Pasar bebas jadi pertimbangan keluarnya LCGC



JAKARTA. Pemerintah mengatakan meningkatnya kebutuhan kendaraan bermotor dalam negeri akibat pertumbuhan ekonomi menjadi salah satu pertimbangan untuk mengeluarkan kebijakan Low Cost Green Car (LCGC). "Sejalan naiknya pendapat perkapita berdampak meningkatnya kebutuhan kendaraan bermotor akibat bertambahnya kegiatan komersial, industri, serta mobilitas orang dan barang," kata Menteri Koordinator Bidang Ekonomi, Hatta Rajasa dalam pidatonya di sidang Paripurna Dewan Perwakilan Daerah (DPD) (19/11). Selain itu, antisipasi persaingan pasar bebas (FTA) ASEAN juga menjadi pertimbangan pemerintah. Sebab, industri otomotif Indonesia dituntut berinovasi menciptakan kendaraan hemat energi dan harga terjangkau untuk keperluan pasar domestik dan ekspor. Hatta menambahkan, negara lain dalam regional FTA seperti Thailand, Malaysia, China, Jepang dan Korea telah memproduksi mobil sejenis LCGC, dan Thailand merupakan sumber pasokan impor mobil CBU (Completely Built Up) terbesar bagi Indonesia. "Saat ini telah memproduksi 2,4 juta kendaraan/ tahun, Thailand sudah memproduksi mobil sejenis LCGC sejumlah 140 ribu dan siap untuk diekspor ke negara ASEAN," ujarnya. Dengan demikian, lanjut Hatta, apabila Indonesia tidak memenuhi permintaan masyarakat dengan produk sejenis dari dalam negeri, maka kemungkinan besar akan terjadi banjir impor kendaraan sejenis ke pasar dalam negeri Indonesia. "Sebaliknya, peluang pasar bebas haruslah dimanfaatkan sehingga produk otomotif yang dibuat dalam negeri harus mampu diekspor, tentu kualitas minimum harus dipenuhi dulu," tandasnya.

Tujuh pertanyaan DPD

Sebelumnya, DPD memberikan tujuh pertanyaan terkait dengan kebijakan mobil LCGC yang dikeluarkan oleh pemerintah. Pertanyaan pertama yaitu apa pertimbangan pemerintah untuk mengeluarkan kebijakan mobil LCGC melalui PP Nomor 41 tahun 2013.

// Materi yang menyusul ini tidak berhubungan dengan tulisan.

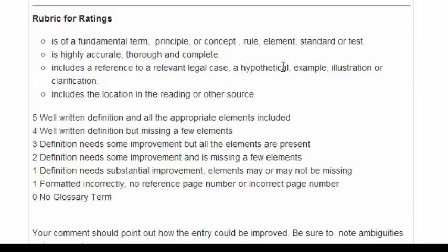The definition needs some improvement means that it's not accurate, thorough, or complete in some component, but the other parts are present — it has a case, it has the reference number. Three means all of the elements are present.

Kedua, kebijakan apa yang akan ditempuh untuk mengendalikan kepemilikan kendaraan bermotor khususnya mobil mahal dari masyarakat yang sudah memiliki tetapi terus menambah koleksi kendaraan pribadi.

Ketiga langkah apa yang akan diambil untuk memastikan program mobil murah dapat memenuhi syarat komponen lokal minimal 80%, dan keempat bagaimana Kebijakan mobil murah yang tidak hanya terkesan sebatas kebijakan populis untuk mendorong citra positif pemerintah karena sebenarnya pemerintah belum memiliki blueprint dalam membangun daya saing industri otomotif.

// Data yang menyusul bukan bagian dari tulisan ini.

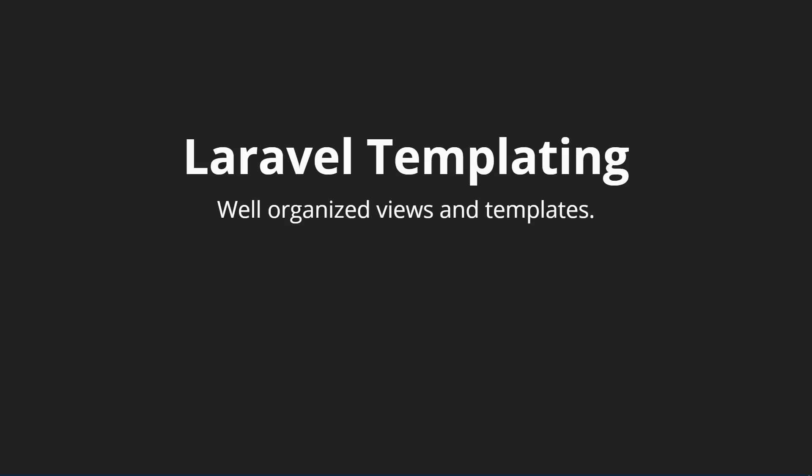Laravel comes with the Blade templating engine which helps us layout and make our views very easy to maneuver around. The benefits of templating out your application is that we can stay very DRY. We do not want to repeat ourselves when we are creating our views since we don't want to repeat HTML in many different locations.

Lalu pertanyaan kelima apakah ada kebijakan khusus pemerintah dibidang infrastruktur dan moda transportasi yang sesuai kebutuhan setempat dan secara ekonomi relatif murah.

Pertanyaan selanjutnya atau yang keenam, DPD menanyakan apakah kebijakan Presiden berupa mobil murah merupakan nama lain dari kebijakan mobil nasional. 

Dan yang terakhir atau ke ketujuh yakni bagaimana penjelasan pemerintah tentang kebijakan mobil murah dapat mendukung dan berkorelasi terhadap penurunan emisi gas rumah kaca.